[Items from a dataset]
┄┄┄┄┄┄
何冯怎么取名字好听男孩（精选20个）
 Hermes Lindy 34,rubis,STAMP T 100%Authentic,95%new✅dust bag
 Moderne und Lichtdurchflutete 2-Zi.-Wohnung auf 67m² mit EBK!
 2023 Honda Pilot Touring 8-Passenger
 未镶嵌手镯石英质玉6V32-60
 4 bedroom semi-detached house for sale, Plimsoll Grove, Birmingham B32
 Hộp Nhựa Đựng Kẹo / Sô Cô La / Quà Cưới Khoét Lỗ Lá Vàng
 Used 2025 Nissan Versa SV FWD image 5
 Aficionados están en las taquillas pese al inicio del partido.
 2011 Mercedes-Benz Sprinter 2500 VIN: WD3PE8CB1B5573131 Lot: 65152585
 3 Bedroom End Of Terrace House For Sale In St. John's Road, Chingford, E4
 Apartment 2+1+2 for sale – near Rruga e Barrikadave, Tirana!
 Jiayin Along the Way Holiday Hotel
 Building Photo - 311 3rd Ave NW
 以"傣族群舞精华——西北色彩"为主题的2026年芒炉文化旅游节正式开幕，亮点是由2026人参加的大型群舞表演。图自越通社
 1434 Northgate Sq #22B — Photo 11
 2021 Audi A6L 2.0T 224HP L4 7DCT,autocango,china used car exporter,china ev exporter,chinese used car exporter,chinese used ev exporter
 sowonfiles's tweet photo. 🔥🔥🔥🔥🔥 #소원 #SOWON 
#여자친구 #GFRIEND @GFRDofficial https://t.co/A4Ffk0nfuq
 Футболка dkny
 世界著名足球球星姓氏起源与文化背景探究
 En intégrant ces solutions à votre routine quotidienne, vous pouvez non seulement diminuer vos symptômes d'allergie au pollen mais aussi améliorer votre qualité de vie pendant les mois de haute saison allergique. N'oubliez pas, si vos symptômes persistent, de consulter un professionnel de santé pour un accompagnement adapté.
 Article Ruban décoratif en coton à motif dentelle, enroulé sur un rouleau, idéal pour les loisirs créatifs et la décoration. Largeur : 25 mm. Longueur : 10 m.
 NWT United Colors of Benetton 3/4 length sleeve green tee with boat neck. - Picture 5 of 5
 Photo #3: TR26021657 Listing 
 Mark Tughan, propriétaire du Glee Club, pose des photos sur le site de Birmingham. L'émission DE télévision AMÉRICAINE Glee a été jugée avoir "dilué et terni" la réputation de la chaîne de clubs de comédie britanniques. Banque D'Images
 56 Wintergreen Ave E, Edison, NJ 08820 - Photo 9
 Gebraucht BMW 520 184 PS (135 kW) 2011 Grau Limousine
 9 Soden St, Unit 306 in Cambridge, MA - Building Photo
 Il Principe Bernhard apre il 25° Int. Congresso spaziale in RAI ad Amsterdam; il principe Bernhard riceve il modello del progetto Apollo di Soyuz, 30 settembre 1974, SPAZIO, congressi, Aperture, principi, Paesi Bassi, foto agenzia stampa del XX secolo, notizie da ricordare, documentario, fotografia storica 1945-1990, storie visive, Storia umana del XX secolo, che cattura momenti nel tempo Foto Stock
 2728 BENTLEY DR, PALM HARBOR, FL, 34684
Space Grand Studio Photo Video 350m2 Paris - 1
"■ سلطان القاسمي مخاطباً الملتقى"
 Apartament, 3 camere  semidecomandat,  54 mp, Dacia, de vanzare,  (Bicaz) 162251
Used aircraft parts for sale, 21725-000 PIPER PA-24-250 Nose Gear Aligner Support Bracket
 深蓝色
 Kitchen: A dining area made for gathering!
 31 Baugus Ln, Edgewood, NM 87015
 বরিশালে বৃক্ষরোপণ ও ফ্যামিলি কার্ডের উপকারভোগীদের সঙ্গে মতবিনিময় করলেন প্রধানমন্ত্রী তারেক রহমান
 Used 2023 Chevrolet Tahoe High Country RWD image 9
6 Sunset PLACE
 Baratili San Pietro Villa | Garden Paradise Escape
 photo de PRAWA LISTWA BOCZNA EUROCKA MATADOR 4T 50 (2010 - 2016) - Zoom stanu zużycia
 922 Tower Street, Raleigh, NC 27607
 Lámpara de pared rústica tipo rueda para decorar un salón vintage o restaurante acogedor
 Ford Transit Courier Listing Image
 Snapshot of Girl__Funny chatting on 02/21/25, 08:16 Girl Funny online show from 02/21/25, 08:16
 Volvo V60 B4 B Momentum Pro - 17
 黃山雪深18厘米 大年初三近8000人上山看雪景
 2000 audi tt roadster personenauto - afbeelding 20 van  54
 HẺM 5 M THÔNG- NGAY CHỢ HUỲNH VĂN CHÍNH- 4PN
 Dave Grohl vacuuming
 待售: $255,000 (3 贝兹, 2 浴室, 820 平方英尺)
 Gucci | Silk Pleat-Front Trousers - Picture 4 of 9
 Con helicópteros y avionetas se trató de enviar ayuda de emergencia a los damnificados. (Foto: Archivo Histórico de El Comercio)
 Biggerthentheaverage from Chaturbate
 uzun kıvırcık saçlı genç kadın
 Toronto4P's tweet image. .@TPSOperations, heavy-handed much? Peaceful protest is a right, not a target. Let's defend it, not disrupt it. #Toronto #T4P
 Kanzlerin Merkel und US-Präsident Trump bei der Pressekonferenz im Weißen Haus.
┄┄┄┄┄┄
What to work on - Your task is to quote all of the data word for word.

Answer to this problem -
何冯怎么取名字好听男孩（精选20个）
 Hermes Lindy 34,rubis,STAMP T 100%Authentic,95%new✅dust bag
 Moderne und Lichtdurchflutete 2-Zi.-Wohnung auf 67m² mit EBK!
 2023 Honda Pilot Touring 8-Passenger
 未镶嵌手镯石英质玉6V32-60
 4 bedroom semi-detached house for sale, Plimsoll Grove, Birmingham B32
 Hộp Nhựa Đựng Kẹo / Sô Cô La / Quà Cưới Khoét Lỗ Lá Vàng
 Used 2025 Nissan Versa SV FWD image 5
 Aficionados están en las taquillas pese al inicio del partido.
 2011 Mercedes-Benz Sprinter 2500 VIN: WD3PE8CB1B5573131 Lot: 65152585
 3 Bedroom End Of Terrace House For Sale In St. John's Road, Chingford, E4
 Apartment 2+1+2 for sale – near Rruga e Barrikadave, Tirana!
 Jiayin Along the Way Holiday Hotel
 Building Photo - 311 3rd Ave NW
 以"傣族群舞精华——西北色彩"为主题的2026年芒炉文化旅游节正式开幕，亮点是由2026人参加的大型群舞表演。图自越通社
 1434 Northgate Sq #22B — Photo 11
 2021 Audi A6L 2.0T 224HP L4 7DCT,autocango,china used car exporter,china ev exporter,chinese used car exporter,chinese used ev exporter
 sowonfiles's tweet photo. 🔥🔥🔥🔥🔥 #소원 #SOWON 
#여자친구 #GFRIEND @GFRDofficial https://t.co/A4Ffk0nfuq
 Футболка dkny
 世界著名足球球星姓氏起源与文化背景探究
 En intégrant ces solutions à votre routine quotidienne, vous pouvez non seulement diminuer vos symptômes d'allergie au pollen mais aussi améliorer votre qualité de vie pendant les mois de haute saison allergique. N'oubliez pas, si vos symptômes persistent, de consulter un professionnel de santé pour un accompagnement adapté.
 Article Ruban décoratif en coton à motif dentelle, enroulé sur un rouleau, idéal pour les loisirs créatifs et la décoration. Largeur : 25 mm. Longueur : 10 m.
 NWT United Colors of Benetton 3/4 length sleeve green tee with boat neck. - Picture 5 of 5
 Photo #3: TR26021657 Listing 
 Mark Tughan, propriétaire du Glee Club, pose des photos sur le site de Birmingham. L'émission DE télévision AMÉRICAINE Glee a été jugée avoir "dilué et terni" la réputation de la chaîne de clubs de comédie britanniques. Banque D'Images
 56 Wintergreen Ave E, Edison, NJ 08820 - Photo 9
 Gebraucht BMW 520 184 PS (135 kW) 2011 Grau Limousine
 9 Soden St, Unit 306 in Cambridge, MA - Building Photo
 Il Principe Bernhard apre il 25° Int. Congresso spaziale in RAI ad Amsterdam; il principe Bernhard riceve il modello del progetto Apollo di Soyuz, 30 settembre 1974, SPAZIO, congressi, Aperture, principi, Paesi Bassi, foto agenzia stampa del XX secolo, notizie da ricordare, documentario, fotografia storica 1945-1990, storie visive, Storia umana del XX secolo, che cattura momenti nel tempo Foto Stock
 2728 BENTLEY DR, PALM HARBOR, FL, 34684
Space Grand Studio Photo Video 350m2 Paris - 1
"■ سلطان القاسمي مخاطباً الملتقى"
 Apartament, 3 camere  semidecomandat,  54 mp, Dacia, de vanzare,  (Bicaz) 162251
Used aircraft parts for sale, 21725-000 PIPER PA-24-250 Nose Gear Aligner Support Bracket
 深蓝色
 Kitchen: A dining area made for gathering!
 31 Baugus Ln, Edgewood, NM 87015
 বরিশালে বৃক্ষরোপণ ও ফ্যামিলি কার্ডের উপকারভোগীদের সঙ্গে মতবিনিময় করলেন প্রধানমন্ত্রী তারেক রহমান
 Used 2023 Chevrolet Tahoe High Country RWD image 9
6 Sunset PLACE
 Baratili San Pietro Villa | Garden Paradise Escape
 photo de PRAWA LISTWA BOCZNA EUROCKA MATADOR 4T 50 (2010 - 2016) - Zoom stanu zużycia
 922 Tower Street, Raleigh, NC 27607
 Lámpara de pared rústica tipo rueda para decorar un salón vintage o restaurante acogedor
 Ford Transit Courier Listing Image
 Snapshot of Girl__Funny chatting on 02/21/25, 08:16 Girl Funny online show from 02/21/25, 08:16
 Volvo V60 B4 B Momentum Pro - 17
 黃山雪深18厘米 大年初三近8000人上山看雪景
 2000 audi tt roadster personenauto - afbeelding 20 van  54
 HẺM 5 M THÔNG- NGAY CHỢ HUỲNH VĂN CHÍNH- 4PN
 Dave Grohl vacuuming
 待售: $255,000 (3 贝兹, 2 浴室, 820 平方英尺)
 Gucci | Silk Pleat-Front Trousers - Picture 4 of 9
 Con helicópteros y avionetas se trató de enviar ayuda de emergencia a los damnificados. (Foto: Archivo Histórico de El Comercio)
 Biggerthentheaverage from Chaturbate
 uzun kıvırcık saçlı genç kadın
 Toronto4P's tweet image. .@TPSOperations, heavy-handed much? Peaceful protest is a right, not a target. Let's defend it, not disrupt it. #Toronto #T4P
 Kanzlerin Merkel und US-Präsident Trump bei der Pressekonferenz im Weißen Haus.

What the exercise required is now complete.